I am not inclined to review the book, save to say that while I found it very interesting and learnt a lot from it, I also found it contrived, pretentious and anachronistic. The author is a well-known psychiatrist and much of the substance of the book indulges his psychiatric predilections in an ultimately unconvincing way. Still, the interested reader will definitely learn a lot about Spinoza and about the monster Alfred Rosenberg, the ideologue of the Third Reich, who seems to have had an interest in Spinoza. So reading this book provoked thoughts about Spinoza, his ideas and the time and context in which he lived by contrast with our own time and context. And it is this that I want to deal with here. 
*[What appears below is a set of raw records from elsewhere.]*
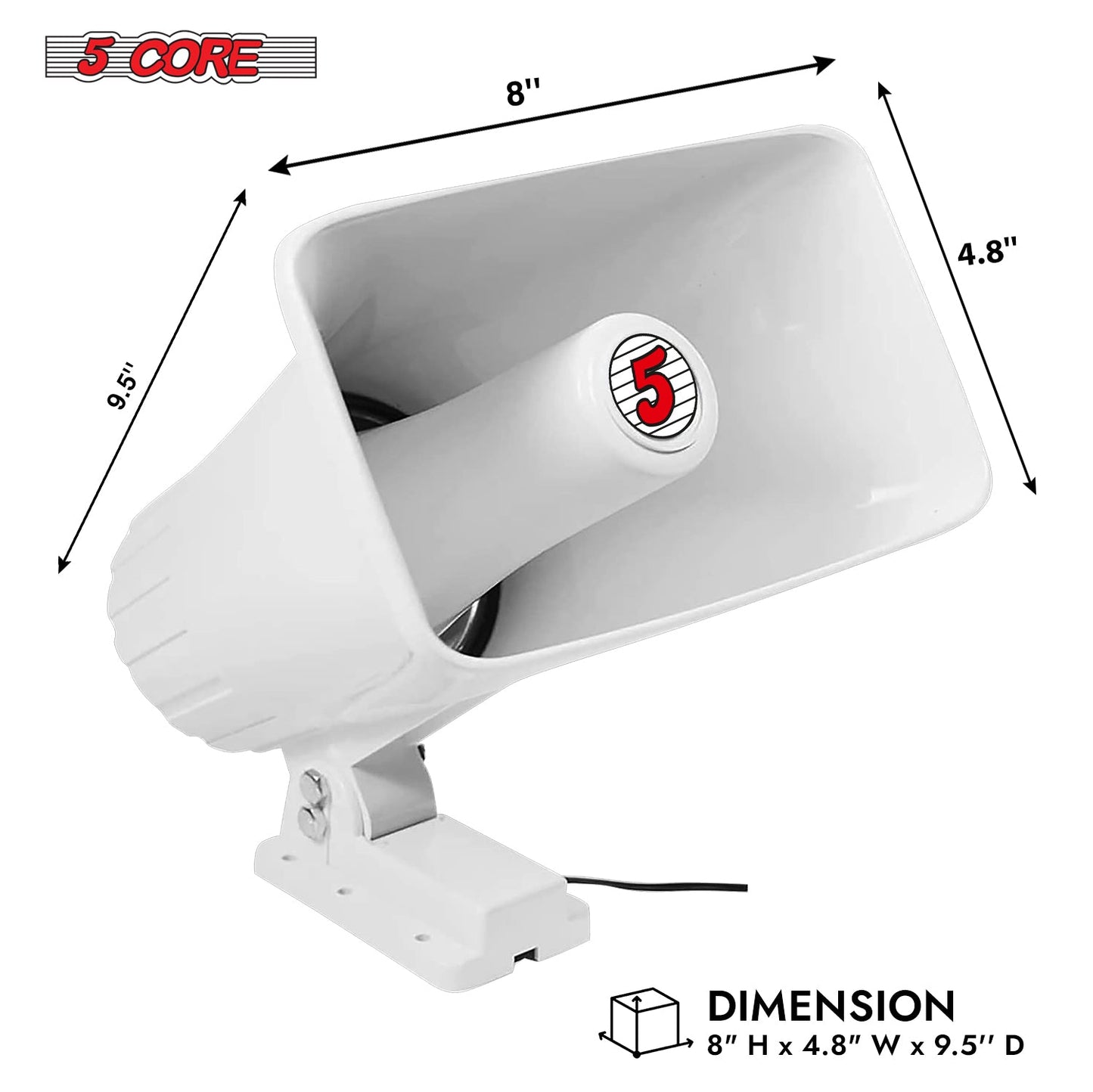 5 Core PA Speaker Pair 5 x 8" 65W Bull Horn Loud Audio Outdoor Speakers System 8Ohm Reflex Megaphone-2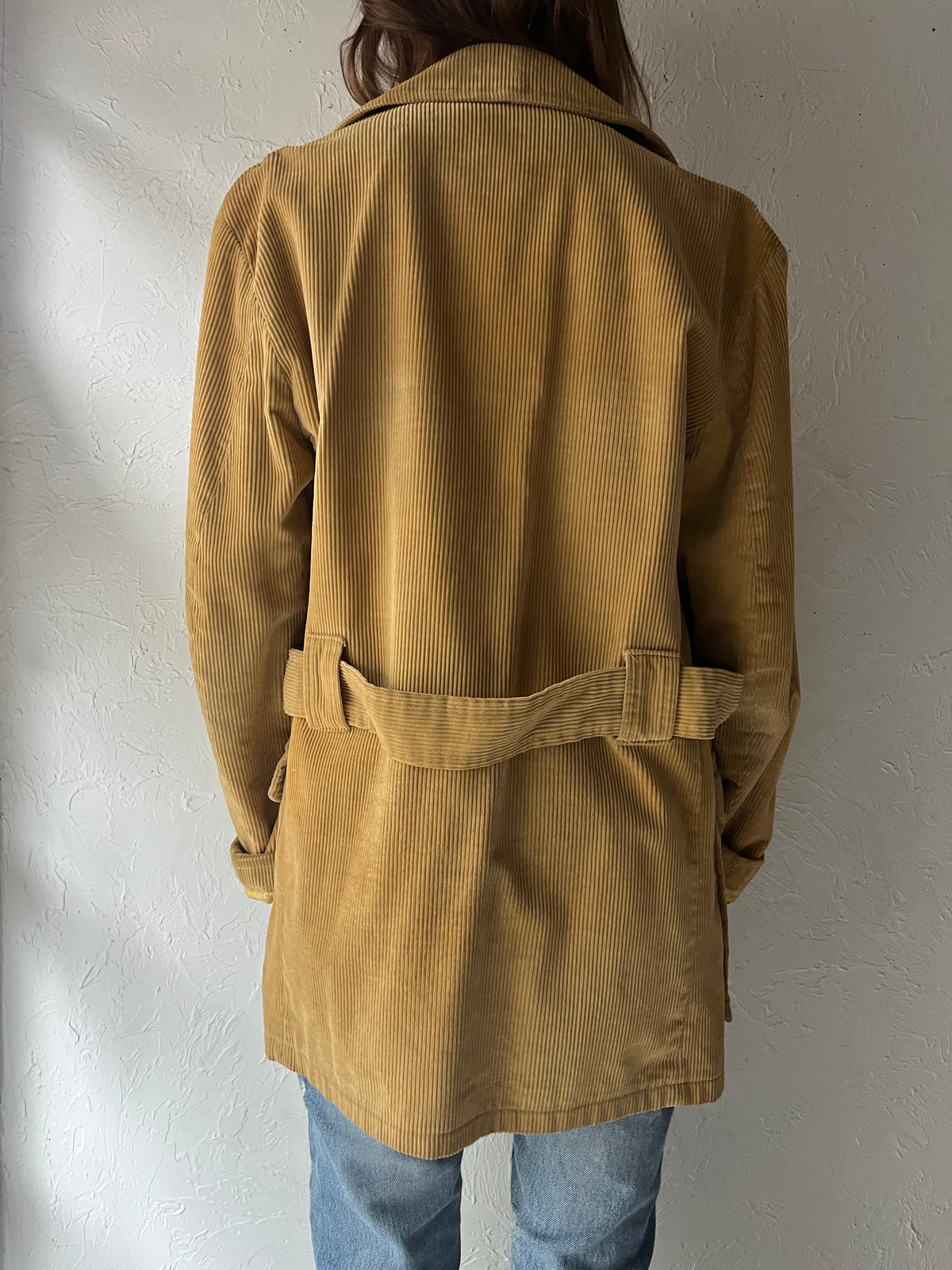 70s 'Shanhouse' Mustard Yellow Corduroy Retro Workwear Utility Chore Jacket / Medium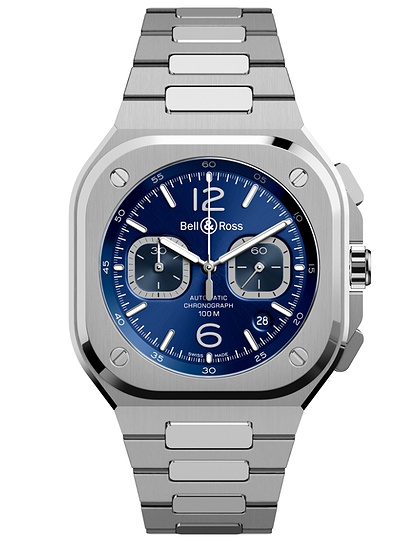 Men's watch / unisex  BELL & ROSS, BR 05 Chrono Blue Steel / 42mm, SKU: BR05C-BLU-ST/SST | dimax.lv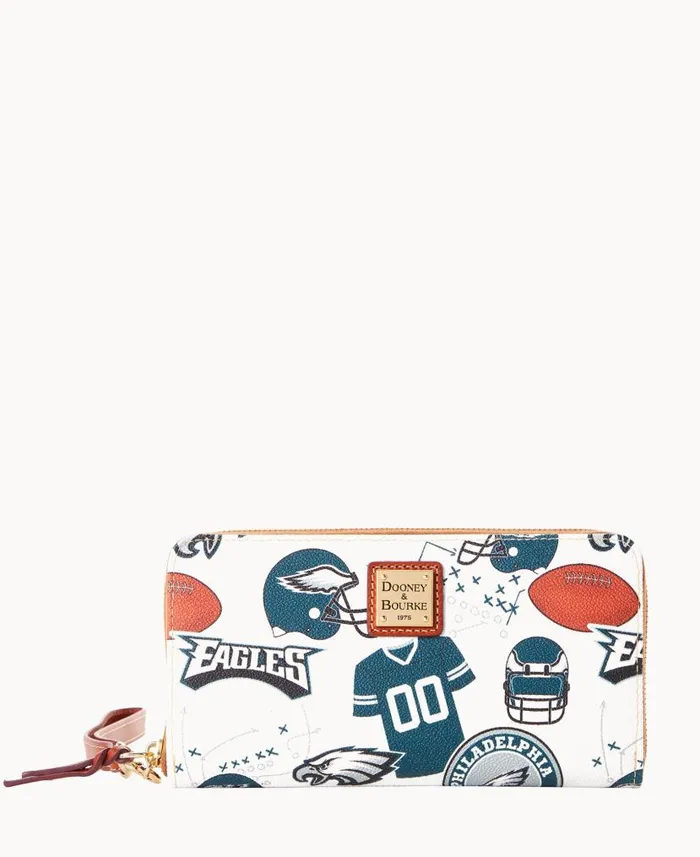 Dooney and Bourke NFL Eagles Large Zip Around Wristlet Eagles WomenMen Wallets Dooney and Bourke NFL Eagles Large Zip Around Wristlet Eagles WomenMen Wallets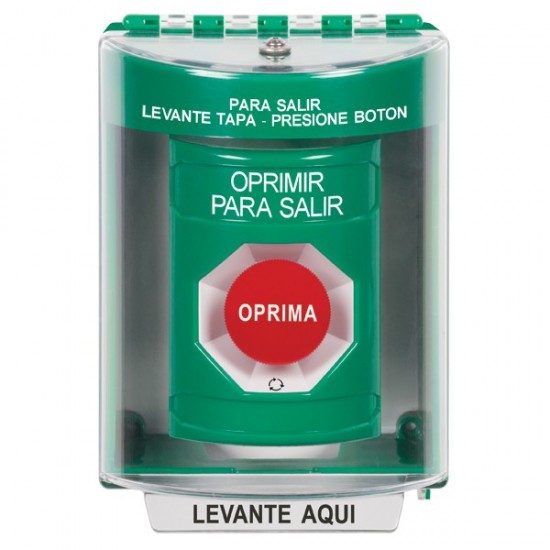 SS2181PX-ES STI Green Indoor/Outdoor Surface w/ Horn Turn-to-Reset Stopper Station with PUSH TO EXIT Label Spanish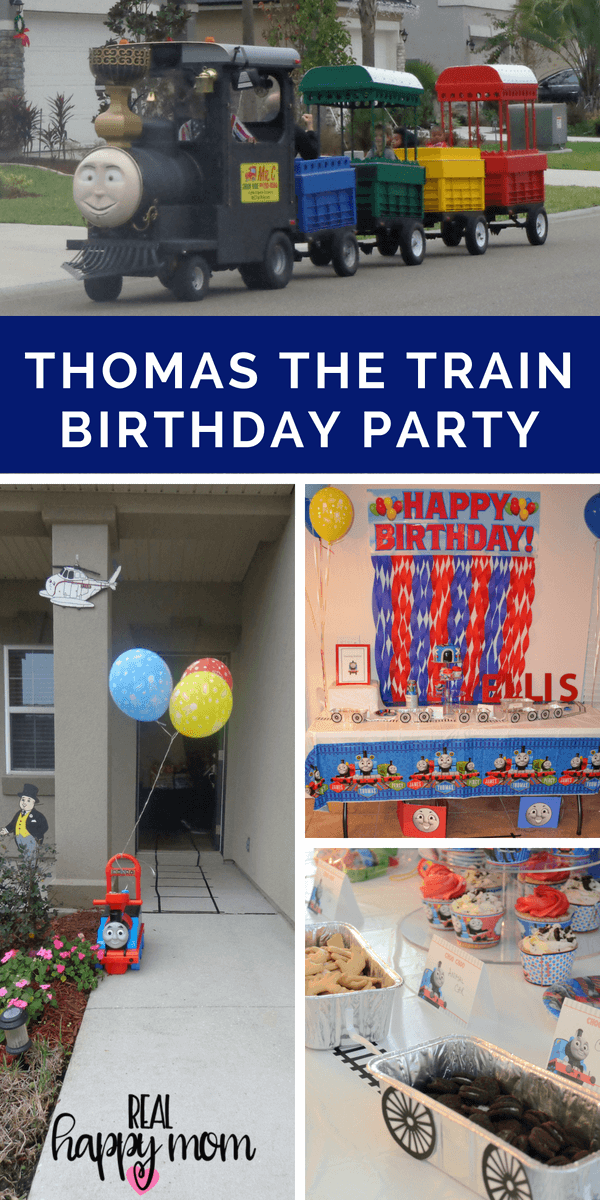 Thomas the train theme birthday party ideas, cake and food.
Living in Amsterdam in 1656, Baruch (Benedict) Spinoza was brutally excommunicated by a committee of Jewish leaders and forbidden any kind of interaction with members of that community. For him, one of the greatest philosophers of the Western tradition, indeed perhaps the first 'modern' thinker, it was a disaster. He was caught between his love for his community and his inability/refusal to dissemble about his true beliefs. He was cast into a social wilderness, forever sad and lonely – but not completely so, for he lived the rest of his short life in the stimulating company of like-minded thinkers. But his life as a Jew was over.
Today large numbers of Jews (who knows how many?) hold views that in large part agree with those held by Spinoza and they do not lie about them (not to suggest that they comprehend the profundity of his work). They live comfortably within Jewish communities and participate in communal affairs in many ways according to their choice, according, one supposes, to whatever they feel comfortable with and enjoy doing. Secular Jews have come to revere Spinoza, the Jew, - a prominent street in Israel is named after him.
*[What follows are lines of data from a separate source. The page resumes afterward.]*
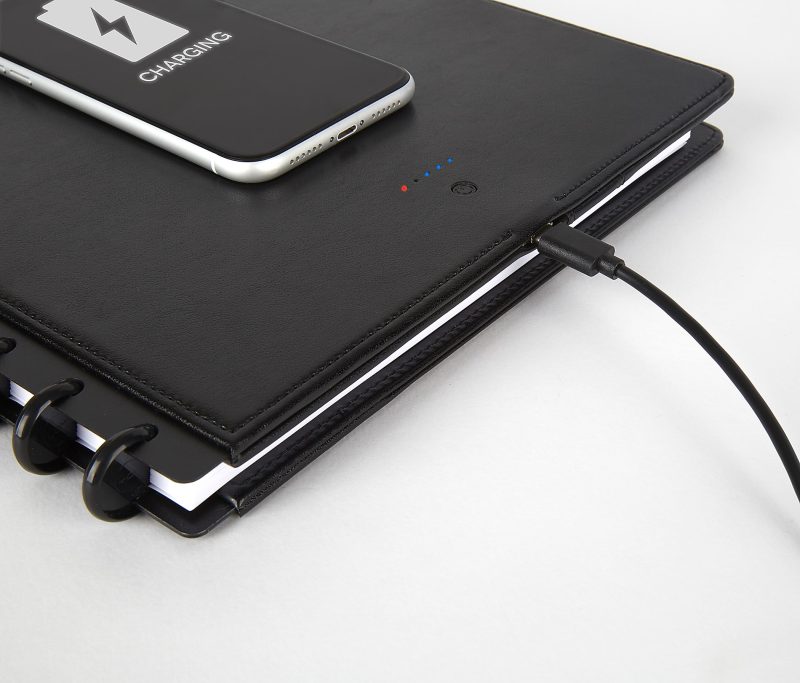 TUL® Wireless/Wired Charging Discbound Notebook, Leather Cover, Letter Size, Black - Image 2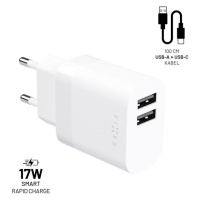 FIXED nabíječka s USB-A/USB-C kabelem, 1 m, 17W, bílá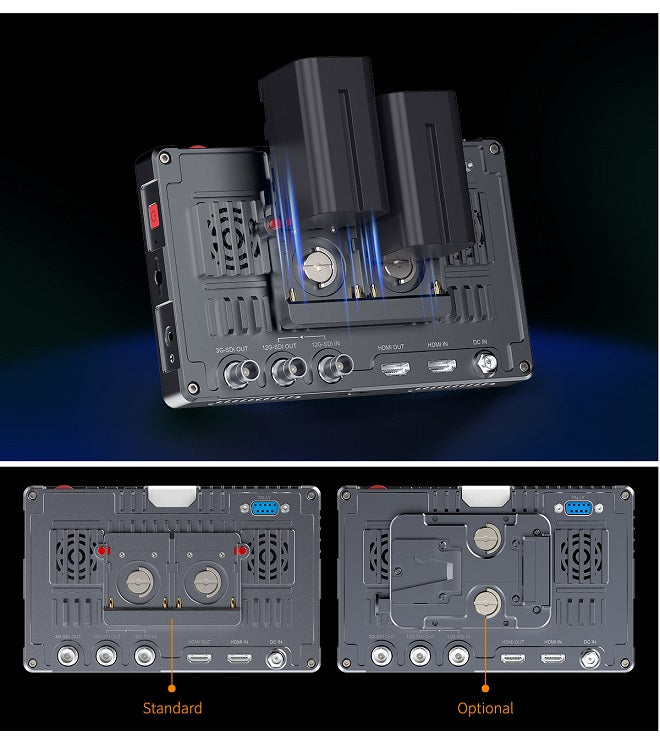 Die Standardplatte gegenüber der optionalen V-Mount-Platte
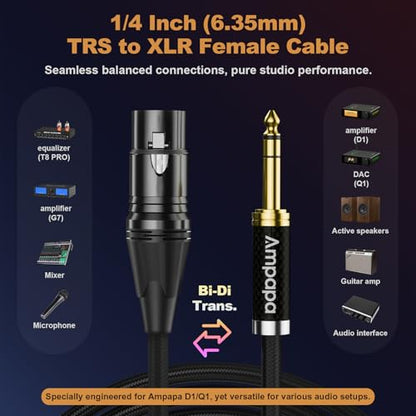 TRS to XLR Cable: 1/4 Inch Balanced Male to XLR Female Audio Cable, 6N OFC, Gold Plated, Braided Shielded Cord for Q1 DAC, D1 Amp, Preamp, Studio, HiFi (1 Pair)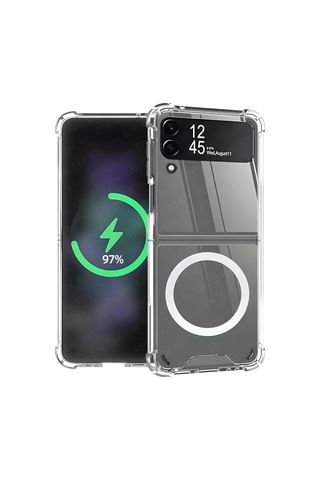 Samsung Galaxy Z Flip 3 Uyumlu Kamera Korumalı Magsafe Wireless Şarj Özellikli Şeffaf Kılıf Şeffaf, Samsung Gala Diğer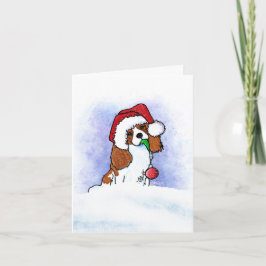 Tarjeta de Navidad del Cavalier Spaniel de KiniArt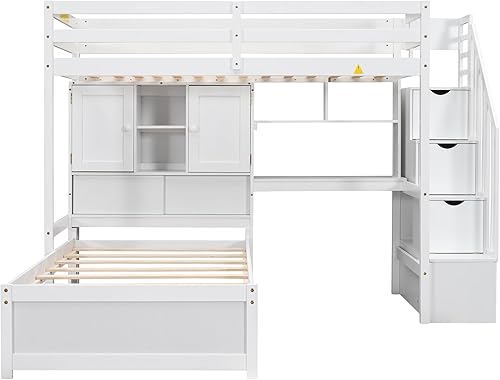 Miniatura 282 de Versatility - Litera individual sobre individual con escritorio y armario integrados, cama alta de madera maciza y plataforma independiente con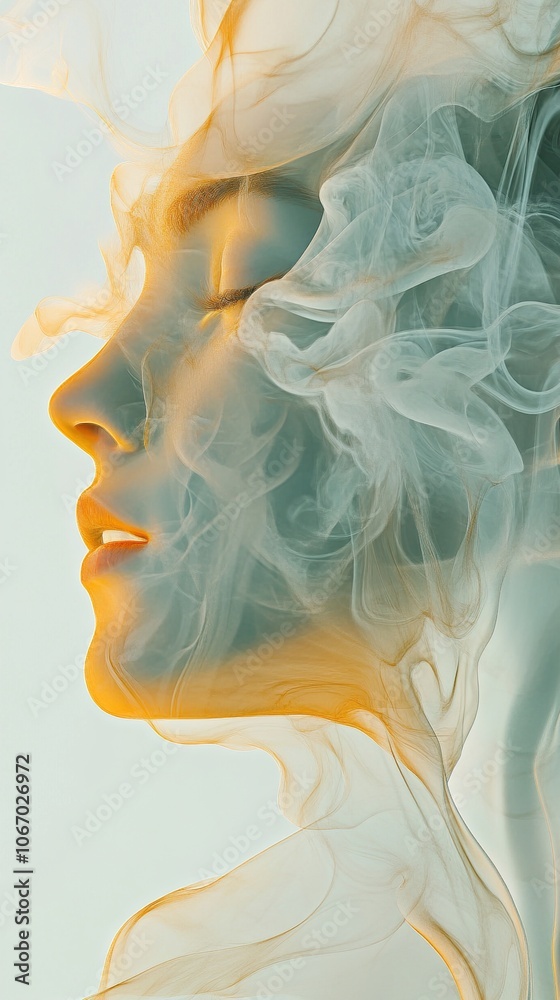 Abstract Portrait of a Woman in Smoke: Dreamy and Surreal Art Print Abstract Portrait of a Woman in Smoke: Dreamy and Surreal Art Print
Meantime these secular Jews are the targets of diverse religious Jewish outreach groups who, far from excommunicating them - which would carry no practical consequences for them - seek to attract them to their congregations; never questioning their beliefs or their right to have them and write and speak about them.
The Amsterdam Jewish leaders got their power from tradition, but, moreso, from the government of the Netherlands. The government that welcomed Jewish refugees from the hell of the Spanish and Portuguese Inquisitions into Holland, was a government that was, in part, driven by religious (Calvinist) laws. They placed conditions upon the tolerance of the Jews and gave their leaders the power to enforce those conditions - among which was the punishment of heresy - indeed the leaders had an obligation to punish it. The Dutch would tolerate Jews, within limits, but not atheists or Catholics. So Spinoza had to be banned. The survival of the Jewish community was seen to depend on it.
Today the survival of these religious-orthodox outreach groups depends on their ability to attract adherents, including non-believers, upon whom they must be careful not to make too many demands. The difference? They have no power and obligation to compel. Religion and state are separate and religious beliefs are seen as personal matters.
It is hard to overestimate the importance of this development - the 'secularization' of society - a development recommended by Spinoza whose thinking contributed mightily to it. Without it the transition from a zero-sum to a positive-sum society might have been impossible.
Is it not this that holds back much of the Islamic world today?